Well, at least the Big Dipper come out to play . . .


Friday, December 9, 2016

unpacking

I recently received an invitation to my worst nightmare:




I had naively thought it was a really cool course of study in 10th grade humanities. My girl had spent the semester researching, conceptualizing, writing and editing a horror story. I was impressed with the films and readings they were doing as a class, including Jaws (those two notes!), the Raven, Hitchcock, etc. it was good old fashioned scary shit. I used to be a fan of scary movies when I was her age, did I ever tell you about that time I was watching Friday the 13th or Halloween or something with a friend in the den and we didn't know that Dad was in the doorway watching too, and at the end part where the monster/bad guy popped up out of the river or the grave or whatever, my dad screamed from behind us and we died of the fright? Anyway. I don't like scary movies anymore. They're scary!

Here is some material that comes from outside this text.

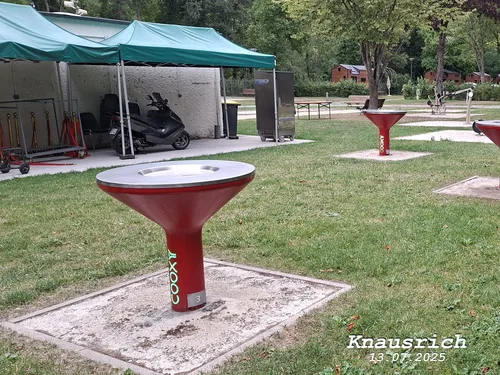 Camping Municipal La Haute Ile 6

So although I was impressed and enthusiastic about this 10th grade course of study, I began to experience increasing trepidation as snippets emerged about the exhibition that was being planned for this end of project celebration. I strongly suggested that she invite her dad to this special event because I was pretty sure I was going to be very, very, busy with important things.

And yet, there I was. Standing before that poster up above, and being handed a piece of chalk with which to write my deepest fears. Puke!

Then I visited 4 stations, each with its own procedures and disclaimers. The first one was a maze in a dark room. Here is the disclaimer:

In other words: worst case scenario, hulk smash your way through the walls


I had a personal escort through this first experience, whose delight in my fear increased my suspicion and anxiety right back up to level orange.


scary!

I survived the maze, then went to the next stop:

Interestingly, I was actually wearing a blindfold when they showed me the sounds

I wish I could tell you what I experienced in that room, but I'm a struct follower of rules.

Next was the invitation to try a virtual reality experience, which really was quite scary up until the incoming text flashed before my eyes: "hi it's dad, I'm in the maze." So I paused to deliver the message to the student who was in charge of scaring me.

Finally, the last stop - the scariest one of all:

No thank you. 

High school is different in 2016, isn't it?